If evidence of an individual's citizenship was lost in the Chicago Fire, he may have gone to court to prove and document his status. Check with the Circuit Court Archives to see if any record of that might be available.

Check the 1870 census to see if an individual born outside of the United States was listed as a male citizen, 21 years of age or order. If so, he likely naturalized before the census was taken. The 1900, 1910, and 1920 censuses also asked about citizenship status.

Why did my ancestor naturalize in the Criminal Court?

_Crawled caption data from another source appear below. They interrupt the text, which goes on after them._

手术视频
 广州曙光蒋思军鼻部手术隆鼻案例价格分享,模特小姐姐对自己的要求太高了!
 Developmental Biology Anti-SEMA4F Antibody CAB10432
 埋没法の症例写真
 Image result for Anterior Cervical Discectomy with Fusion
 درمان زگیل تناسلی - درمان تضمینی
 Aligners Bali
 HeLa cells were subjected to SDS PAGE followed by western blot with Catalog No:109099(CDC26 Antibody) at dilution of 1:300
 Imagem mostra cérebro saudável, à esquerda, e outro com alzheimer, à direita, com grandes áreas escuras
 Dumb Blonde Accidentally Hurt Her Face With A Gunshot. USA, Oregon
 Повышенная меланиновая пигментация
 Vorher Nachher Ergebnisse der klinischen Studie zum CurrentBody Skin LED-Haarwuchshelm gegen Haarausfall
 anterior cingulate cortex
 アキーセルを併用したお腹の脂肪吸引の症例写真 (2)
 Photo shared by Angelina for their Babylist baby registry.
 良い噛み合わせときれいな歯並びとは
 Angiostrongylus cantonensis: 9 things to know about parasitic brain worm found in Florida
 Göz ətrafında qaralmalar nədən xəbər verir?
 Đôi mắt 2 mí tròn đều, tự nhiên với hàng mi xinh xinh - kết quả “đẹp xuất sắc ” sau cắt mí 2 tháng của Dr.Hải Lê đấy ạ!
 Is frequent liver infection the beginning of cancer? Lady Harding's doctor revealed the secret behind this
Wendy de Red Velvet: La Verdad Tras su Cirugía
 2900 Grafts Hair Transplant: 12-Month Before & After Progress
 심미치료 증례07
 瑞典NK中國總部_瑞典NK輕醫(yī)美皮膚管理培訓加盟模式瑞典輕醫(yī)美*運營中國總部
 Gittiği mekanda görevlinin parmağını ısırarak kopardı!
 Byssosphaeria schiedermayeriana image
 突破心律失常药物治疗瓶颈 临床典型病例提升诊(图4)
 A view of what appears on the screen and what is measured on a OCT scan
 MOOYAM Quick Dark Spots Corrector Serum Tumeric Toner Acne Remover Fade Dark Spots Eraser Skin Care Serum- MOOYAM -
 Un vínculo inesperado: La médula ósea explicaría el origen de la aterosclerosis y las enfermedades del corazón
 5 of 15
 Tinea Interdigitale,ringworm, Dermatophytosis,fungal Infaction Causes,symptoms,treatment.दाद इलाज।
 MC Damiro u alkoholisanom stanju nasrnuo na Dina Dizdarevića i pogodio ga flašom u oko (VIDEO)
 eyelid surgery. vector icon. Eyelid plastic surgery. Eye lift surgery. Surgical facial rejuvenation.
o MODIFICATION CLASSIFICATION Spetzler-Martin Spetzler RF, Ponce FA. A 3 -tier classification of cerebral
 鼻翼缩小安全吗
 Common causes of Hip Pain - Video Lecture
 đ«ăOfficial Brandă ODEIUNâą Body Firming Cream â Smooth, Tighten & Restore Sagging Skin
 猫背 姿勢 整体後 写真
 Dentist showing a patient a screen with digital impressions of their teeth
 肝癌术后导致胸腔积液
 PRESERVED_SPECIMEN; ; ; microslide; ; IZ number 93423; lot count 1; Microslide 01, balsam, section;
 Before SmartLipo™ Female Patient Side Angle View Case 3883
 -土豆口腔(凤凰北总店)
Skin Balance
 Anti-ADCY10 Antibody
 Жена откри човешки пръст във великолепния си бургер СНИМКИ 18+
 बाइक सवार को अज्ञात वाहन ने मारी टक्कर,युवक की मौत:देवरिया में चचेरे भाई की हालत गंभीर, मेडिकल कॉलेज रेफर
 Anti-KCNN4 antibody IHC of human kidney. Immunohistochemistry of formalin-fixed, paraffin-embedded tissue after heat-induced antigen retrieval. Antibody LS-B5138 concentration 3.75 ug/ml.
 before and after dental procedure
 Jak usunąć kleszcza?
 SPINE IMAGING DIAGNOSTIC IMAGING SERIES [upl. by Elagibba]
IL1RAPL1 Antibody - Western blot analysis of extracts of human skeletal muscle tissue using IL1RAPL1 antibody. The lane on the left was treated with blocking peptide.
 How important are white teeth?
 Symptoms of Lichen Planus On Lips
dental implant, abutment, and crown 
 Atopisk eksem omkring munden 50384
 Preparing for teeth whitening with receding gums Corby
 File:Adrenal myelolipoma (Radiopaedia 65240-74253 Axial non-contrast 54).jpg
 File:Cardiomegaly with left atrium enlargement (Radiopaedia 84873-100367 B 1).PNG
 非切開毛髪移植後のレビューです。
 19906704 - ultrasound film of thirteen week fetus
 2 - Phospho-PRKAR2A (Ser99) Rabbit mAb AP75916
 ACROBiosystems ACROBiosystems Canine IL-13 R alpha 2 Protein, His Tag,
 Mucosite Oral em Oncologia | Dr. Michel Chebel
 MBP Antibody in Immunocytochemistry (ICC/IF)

Don't worry. It doesn't mean your ancestor was a criminal. But, it might mean that your ancestor was part of a pre-election push to naturalize immigrants so they could register to vote, especially if your ancestor naturalized in October. The Criminal Court was one that extended hours to accomodate those who wished to complete the process.1

1 See, for example, [no title], The Chicago Daily Tribune, 23 October 1872, p. 4, col. 2; digital image, Newspapers Publishers Extra ( : accessed 24 April 2018).

Was there naturalization fraud in Chicago?

Possibly. Check online newspapers to look for answers to this question. For example, a story from 1873 suggests that a saloon-keeper had a way of circumventing the legal naturalization process in order to help men become eligible to vote.1 Fraud was also a concern in 1892 when a plan to help keep the process honest was being discussed.2

1 "Fradulent Naturalization," Chicago Daily Herald, 3 November 1873, p. 2, col. 1; digital image, GenealogyBank ( : accessed 24 April 2017).
2 "Will Prevent Fraud. The Republicans Want an Honest Naturalization. Ask Democrats to Help," The Daily Inter Ocean (Chicago), 21 September 1892, p. 9, col. 1; digital image, GenealogyBank ( : accessed 24 April 2017).

Are naturalization records available on FamilySearch microfilm?

Yes. Many Cook County naturalization records can be found on FamilySearch films but they don't circulate anymore. So, unless you're in Salt Lake City, just get records held by the Circuit Court Archives by mail. The Wilmette Family History Center also has the films, but if you're in the Chicago area, why not just visit the Archives to take color photos of the originals?